My sister by choice is having some major health issues herself. She’s got 3 wonderful kids and a husband. A few years ago, we got to talking about what would happen to her kids if something happened to her (they’re all half-siblings). Well, her husband’s a great guy and he’d take care of them, but if something happened to the both of them?
She floated the idea back to me about going up there to live with her and them and get used to the kids (there’s a sales pitch every time she’s on the phone). She said flat out she’d want me to take care of them because she know I’d make sure they did well in school and would help them find out what they want in life.
I find that ironic, since I can’t help myself for anything…of course, I’d need a steadier job and to save my money before I could consider such a move.
What’s stopped me all this time is dad. Who was going to be around him?
Guess two family members might just fill that void.
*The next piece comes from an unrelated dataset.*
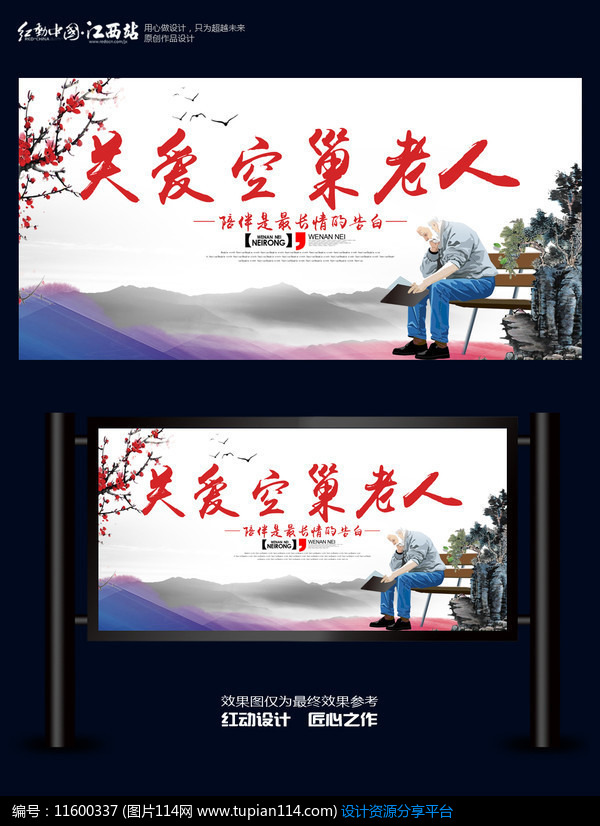 关爱空巢老人海报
I want to think this could be a blessing in disguise…but I need to improve my financial status bad. Get things paid off and save, and maybe move up north to be with my bestie and her family, learn to live a little and try new things, because I am not living down here. Not well.
Like I said earlier, it’s a bit of a relief to be writing this out now. I’m at the craziest crossroads I can imagine at this very moment and I need to get on the ball. I’m going to do some serious kickboxing and jiu-jitsu in half an hour. I haven’t done both in the same day in a long time, but I need to clear my head and paying attention to mat work does wonders for me.
I want to find home. I’ve felt like an interloper in others’ homes far too damned long.
I want peace. A place of my own.
None of my current choices will allow that…but maybe I can fanangle a new one with some meditation (once I figure out what that is exactly) and a lot of punching bags.
And a new job would help, new clarity to write instead of staring at a blank page…
I’m more than ready to be something else.